Background: It is critical issue for clinical that liver failure after large hepatectomy with cholangiocellular carcinoma. This time, we paid attention to this recected liver. This recected liver have a large quantity of normal hepatocytes with carcinoma cell. If completely divited two group using magnet sorting by tumor Ab, these cell is able to transplant. It is phenomenal finding if it can be possible to auto-transplanted into the patient only normal hepatocyte.
Methods: Hepatocyte isolation from wild type rat(Lewis Rat) were performed by manual enzymatic perfusion with collagenase. Those hepatocyte were mixed with HepG2, which is hepatocellular carcinoma cell line, equally. To remove HepG2 cells, they were sorted by magnetic method with Anti-Telomerase reverse transcriptase antibody which is specific antibody for HepG2 using DynaMag™-15 Magnet.
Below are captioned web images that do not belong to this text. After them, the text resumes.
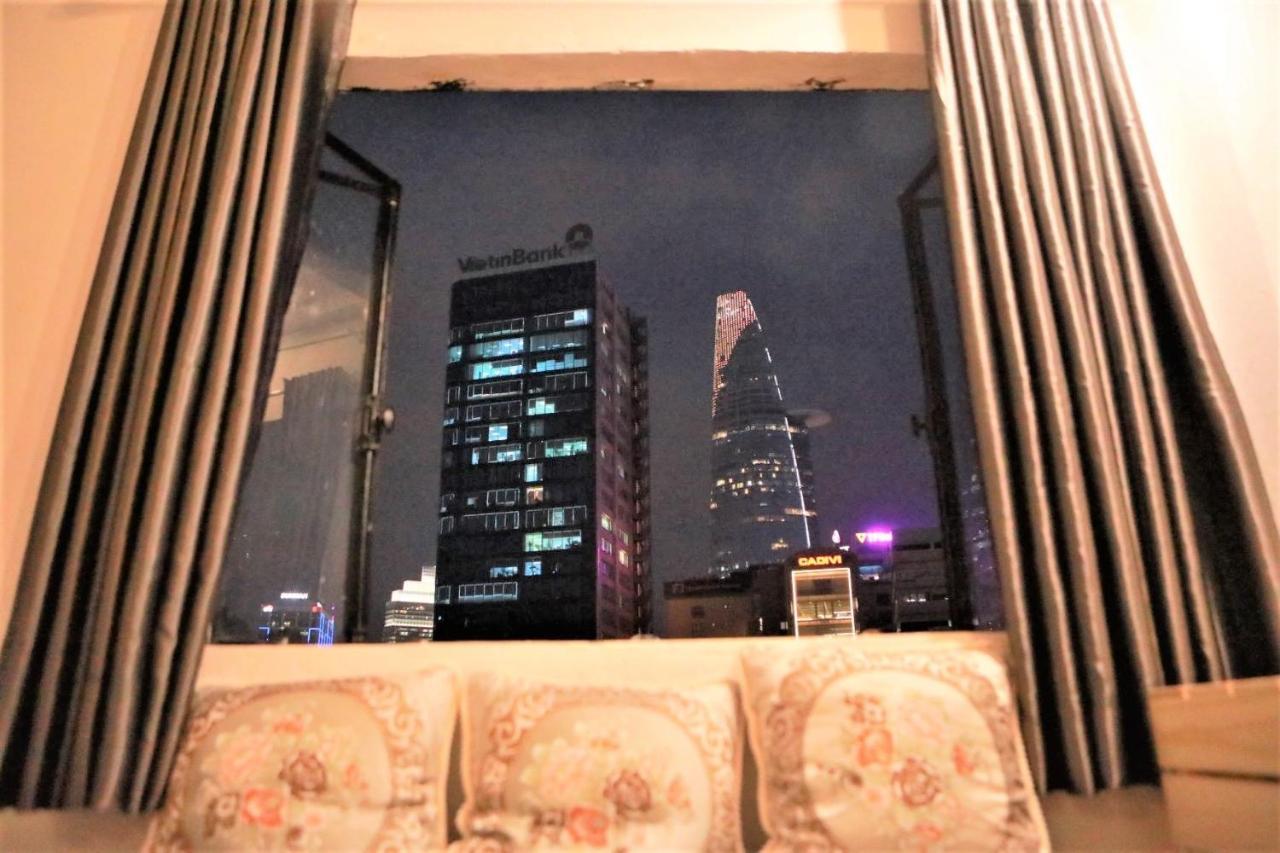 My House Apartment Ho Chi Minh City Exterior photo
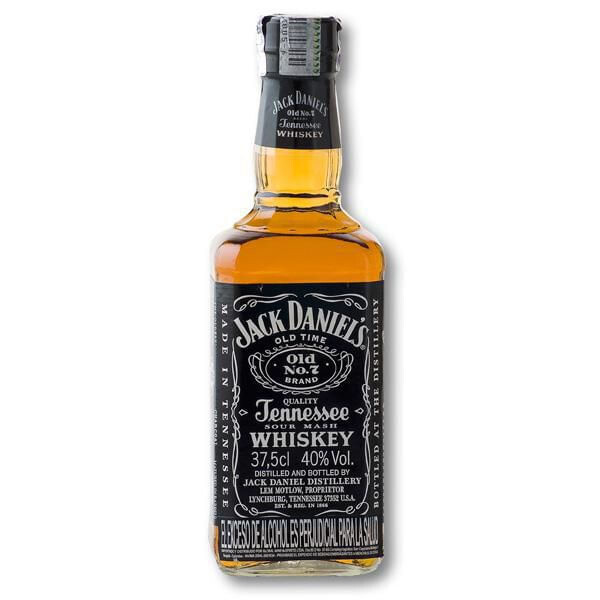 Whisky jack daniels 375 ml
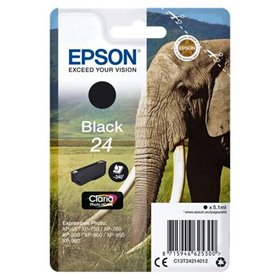 Tinteiro original preto Epson T2421 (24) - C13T24214012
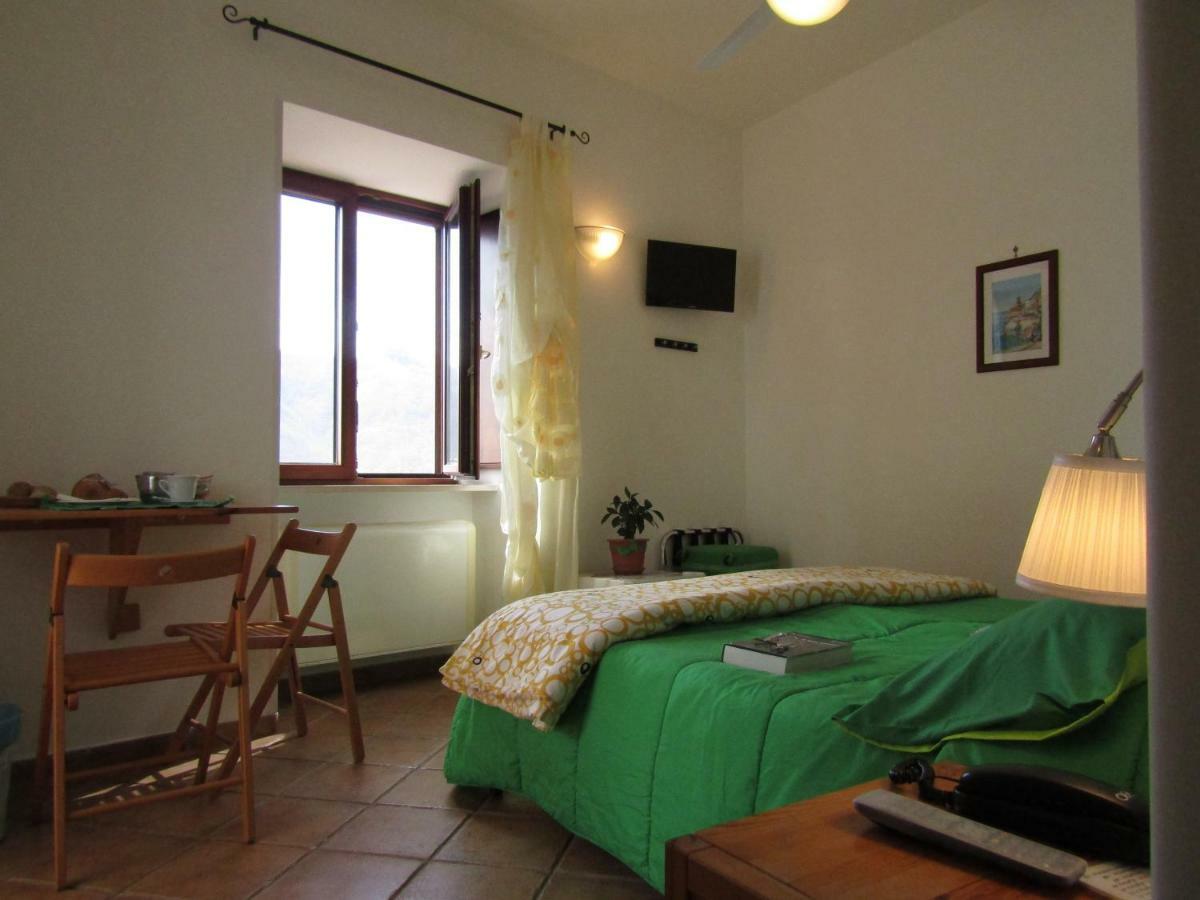 Puesta De Sol Bed & Breakfast Tramonti Exterior photo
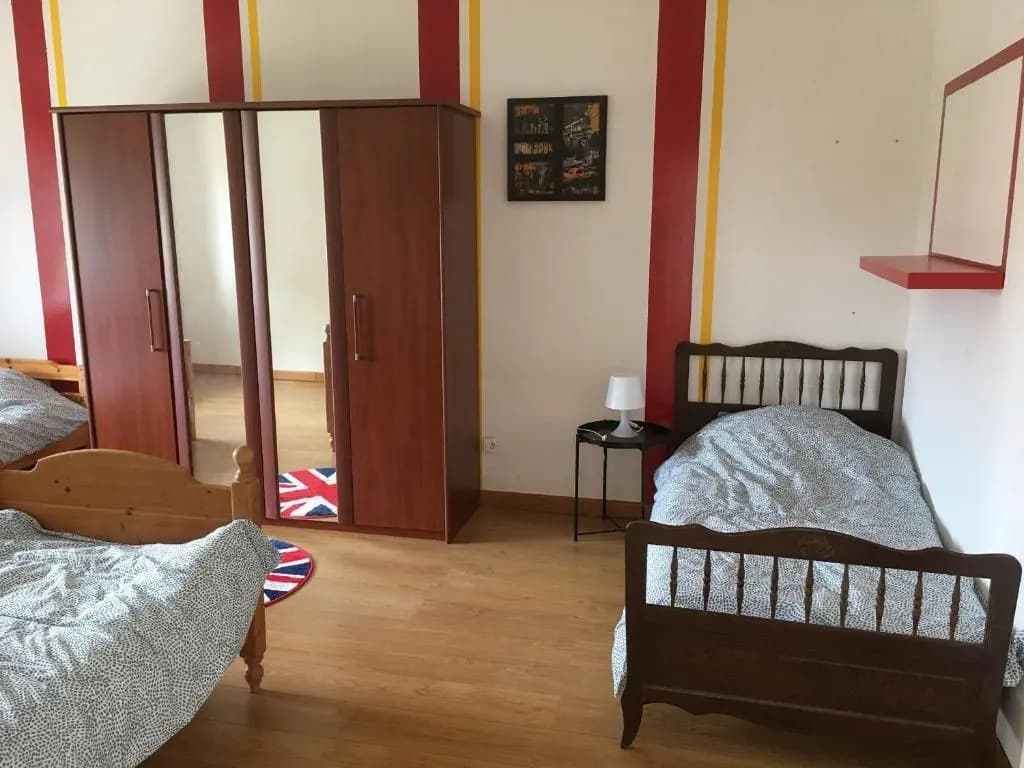 Gîte Athienville, 6 pièces, 12 personnes - FR-1-584-84 - Photo 2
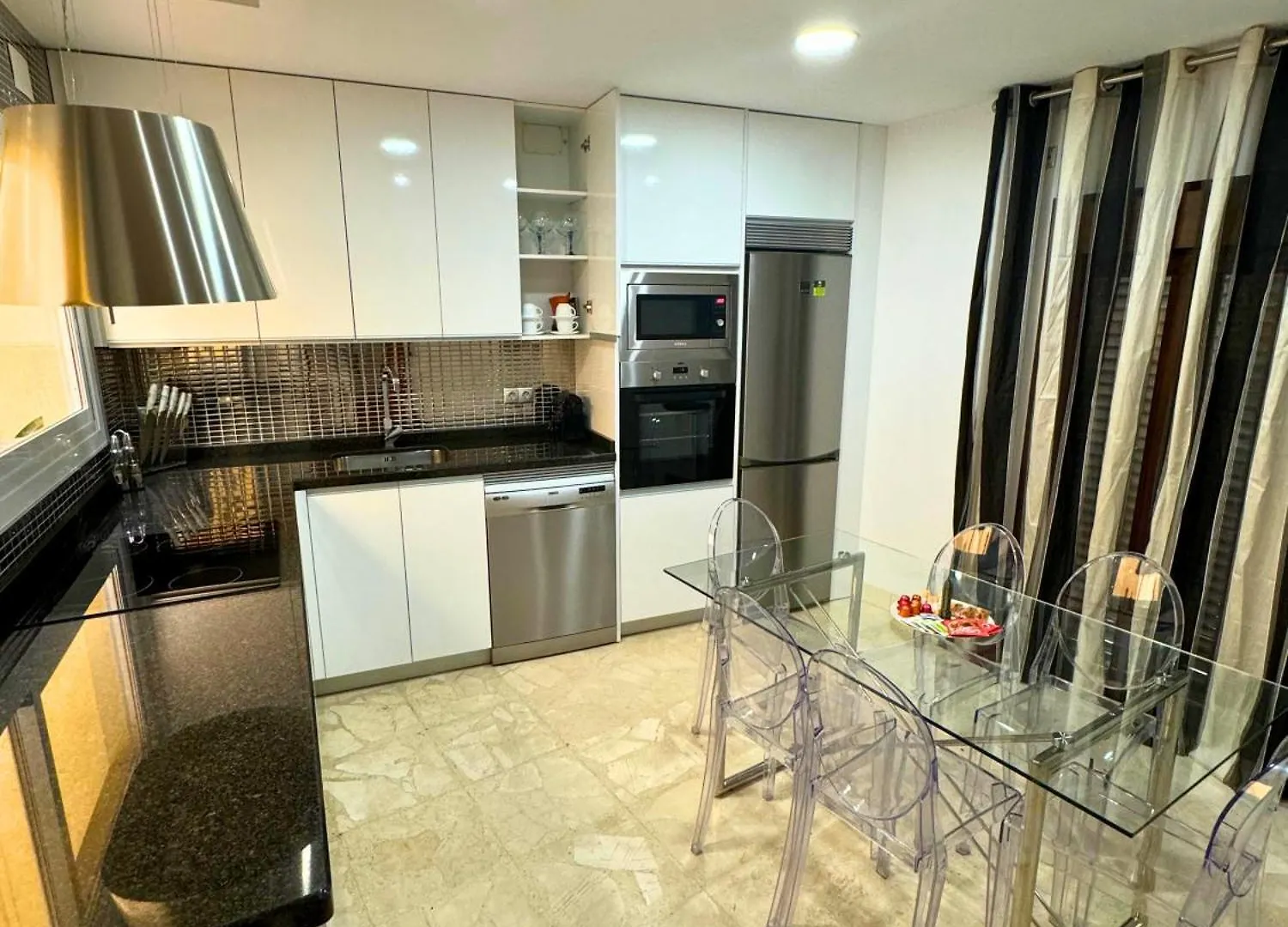 Apartamento Casa San Matias Granada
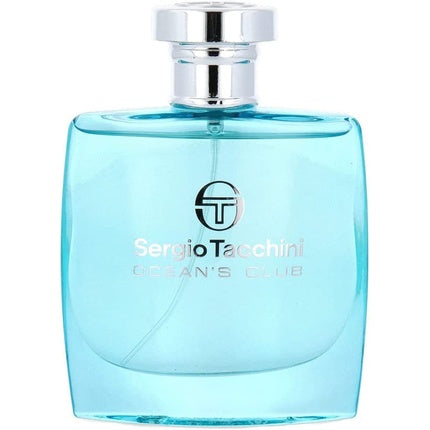 Parfum, Sergio Tacchini, Ocean's Club, 100ml, albastru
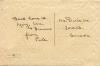 #3 Embriodered Card 
Back
1914-1915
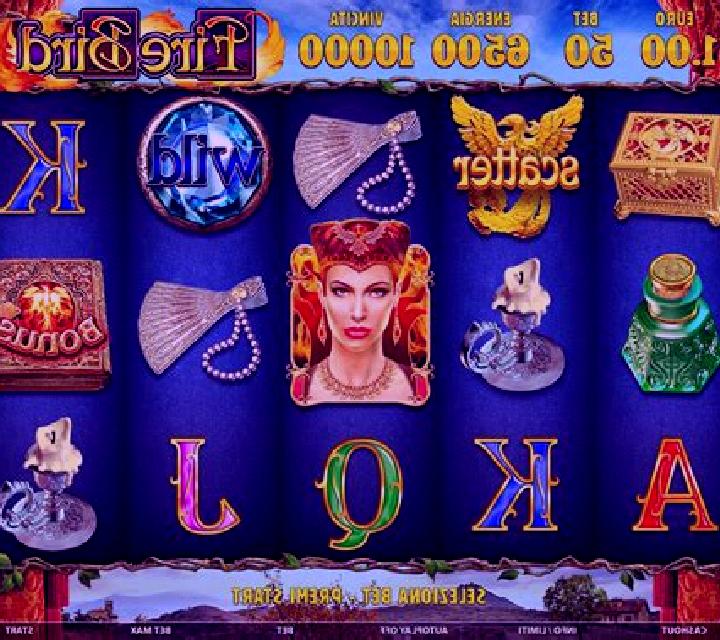 Fire Bird (Octavian Gaming) slot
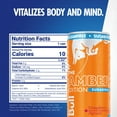thumbnail image 3 of Red Bull Amber Edition Sugarfree Energy Drink, Strawberry Apricot, 8.4 fl. oz., Pack of 4 Cans, 3 of 10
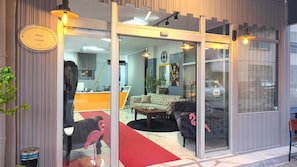 Premium bedding, minibar, individually decorated, individually furnished - Grond Konaklama Mersin (Mersin)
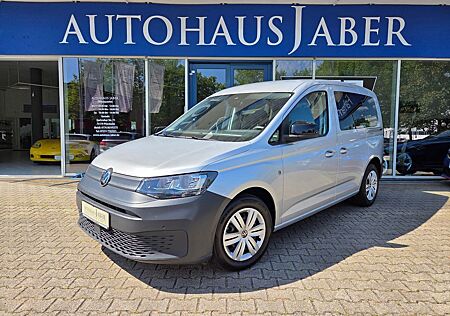 VW Caddy Volkswagen 1.HD SHZ AHK PDC V+H TEMPOMAT SPURASS.
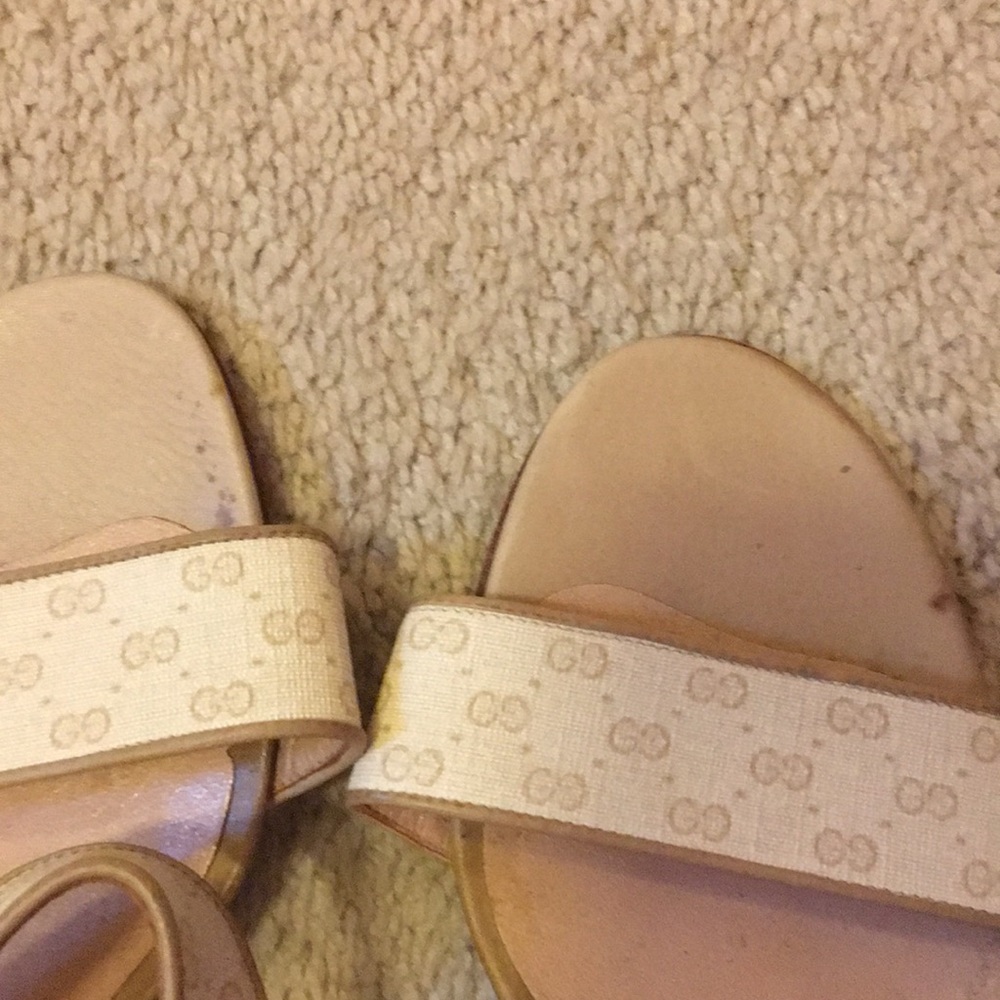Gucci sandals - Picture 6 of 6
For evaluation that separation was completed, we performed flow cytometory by Anti-Telomerase reverse transcriptase antibody and cell transplantation into Nagase rat which is non-albumic rat, and measured serum albumin level(Day3,7,10,14) using ELISA-based turbidimetric immunoassay and histological findings with albumin staining. we also transpanted those cells into nude mice for tumorigenesis
Result: Albumin levels significantly increased in the magnetic-sorting group than in control group. Simultaneously, the spleen in which these hepatocytes were transplanted could be used to observe hepatocytes; the cells were transplanted 14 days later, and the magnetic-sorting group had significantly higher hepatocyte levels than the control group. And also we could not see any tumorigenesis in nude mice during three month.
Conclusion: We developed an effective technique of hepatocyte isolation for transplantation. As a result, it was believed that this method could not only improve cell transplant effect but also store cells safely. These results demonstrate the usefulness of hepatocytes for cell transplantation.